Weeknotes, 5th April

I missed a couple of weeks

I think it’s going to take a little while to get into the habit of writing weeknotes. Friday is a good day to do it, but last week I was off for Good Friday, and the week before I went to my colleague Arthur Wilson’s retirement do at St Cecilia’s Hall.

It was cool hearing Arthur’s speech. He started working at the University in the 1970s and talked us through what it was like seeing computers evolve over that time. I loved hearing about the colleague who came back from an American university with news of a new network of connected computers. Imagine that.

We’re piloting two new monthly meet-ups for web publishers

There are content people all across the University and we all have things we can learn from each other. One thing I’ve enjoyed in our training sessions has been seeing publishers help each other with common problems. So later in April, we’re piloting a new meet-up for publishers called Content Improvement Monthly. This is partly about improving websites, and partly about keeping the content community in touch with each other.

Another experiment we’re working on is called Mini Wins: Bitesize Content Improvement. This is an online meet-up where a small group of publishers focus on a topic in content design and choose a small thing to fix on their sites. Then 2 weeks later we all report back.

We haven’t been publicising these too widely, but if you count yourself as a content person at the University, you can look them up in the Training and Event booking section in MyEd.

Four new content design assistants joined our team

With the ongoing work to migrate sites into EdWeb 2, we’re happy to have Katie, Ellen, John and Mel join us as Web Content Design Assistants. The migration project is large and complex, and it’s been an interesting challenge to explain how it all works without too much jargon, acronyms and information overload.

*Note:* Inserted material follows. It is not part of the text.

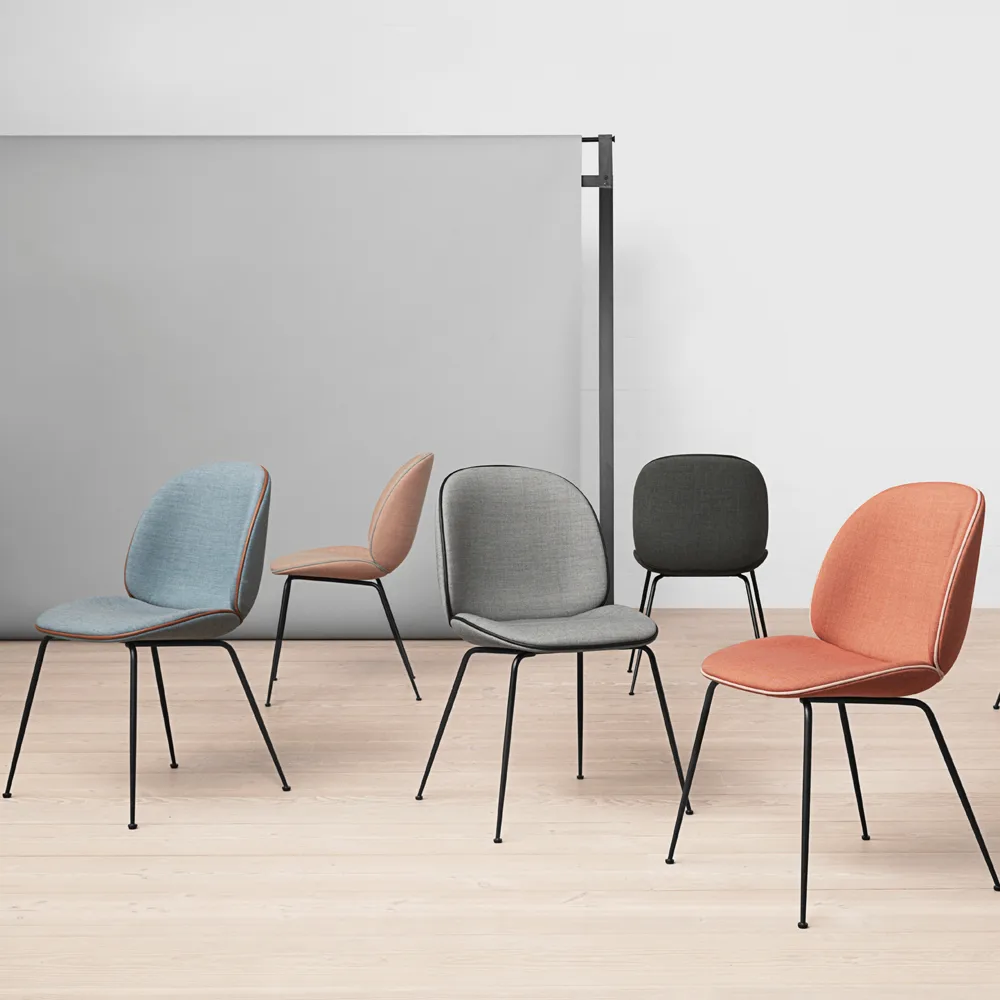 Beetle dining chair fully upholstered conic base, tekstil velluto cotone 970 mørkeblå, sort stålstativ GUBI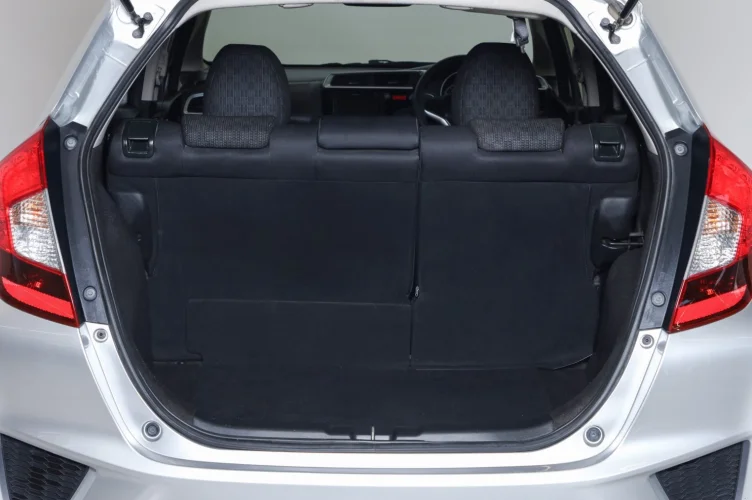 Honda Fit 16 из 16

I’ve been thinking about how we can help publishers develop their site’s information architecture

One last thing I’ve been thinking through is how we can best help publishers who want to reorganise their information architecture. There are some UX techniques that can help, and a bit of best practice. But there’s also a huge amount of variation between different sites at the University. What works for one site might not work for another. Somehow we want to balance up bespoke advice (which takes more resource) with generalisable advice (which takes less resource but doesn’t always apply to specific cases).